ABOUT THIS EXERCISE: Report how many lines of these entries hold the string "Kurti"; reply with the number alone.

DATASET RECORDS:
- - - - -
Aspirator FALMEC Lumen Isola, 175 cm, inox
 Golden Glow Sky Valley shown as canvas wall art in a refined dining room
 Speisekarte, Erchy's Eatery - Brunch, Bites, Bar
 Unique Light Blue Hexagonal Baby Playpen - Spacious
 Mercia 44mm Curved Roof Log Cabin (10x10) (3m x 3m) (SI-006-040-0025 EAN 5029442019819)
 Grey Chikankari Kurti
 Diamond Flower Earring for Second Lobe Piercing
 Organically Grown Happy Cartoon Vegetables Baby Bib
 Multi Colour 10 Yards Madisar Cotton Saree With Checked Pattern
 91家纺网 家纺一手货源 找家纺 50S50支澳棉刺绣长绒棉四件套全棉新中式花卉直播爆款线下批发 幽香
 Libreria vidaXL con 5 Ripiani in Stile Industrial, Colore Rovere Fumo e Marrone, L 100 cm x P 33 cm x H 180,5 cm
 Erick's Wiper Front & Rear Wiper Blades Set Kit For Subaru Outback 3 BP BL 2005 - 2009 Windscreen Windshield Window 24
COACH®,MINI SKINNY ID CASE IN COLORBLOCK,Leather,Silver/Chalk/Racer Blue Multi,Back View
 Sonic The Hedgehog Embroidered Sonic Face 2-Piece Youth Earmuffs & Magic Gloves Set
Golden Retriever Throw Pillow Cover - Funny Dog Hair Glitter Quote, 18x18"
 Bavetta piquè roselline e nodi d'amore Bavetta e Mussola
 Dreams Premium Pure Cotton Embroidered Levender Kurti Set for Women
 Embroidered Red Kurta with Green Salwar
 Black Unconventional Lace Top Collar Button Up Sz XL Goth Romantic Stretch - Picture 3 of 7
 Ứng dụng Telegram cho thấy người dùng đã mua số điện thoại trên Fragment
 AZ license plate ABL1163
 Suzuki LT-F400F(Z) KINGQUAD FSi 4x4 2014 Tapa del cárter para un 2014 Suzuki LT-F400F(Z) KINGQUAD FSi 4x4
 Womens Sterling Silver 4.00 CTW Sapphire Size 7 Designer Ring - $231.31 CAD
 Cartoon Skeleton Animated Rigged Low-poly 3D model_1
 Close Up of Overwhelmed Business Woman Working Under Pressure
- - - - -
RESPONSE FOR THIS EXERCISE: 2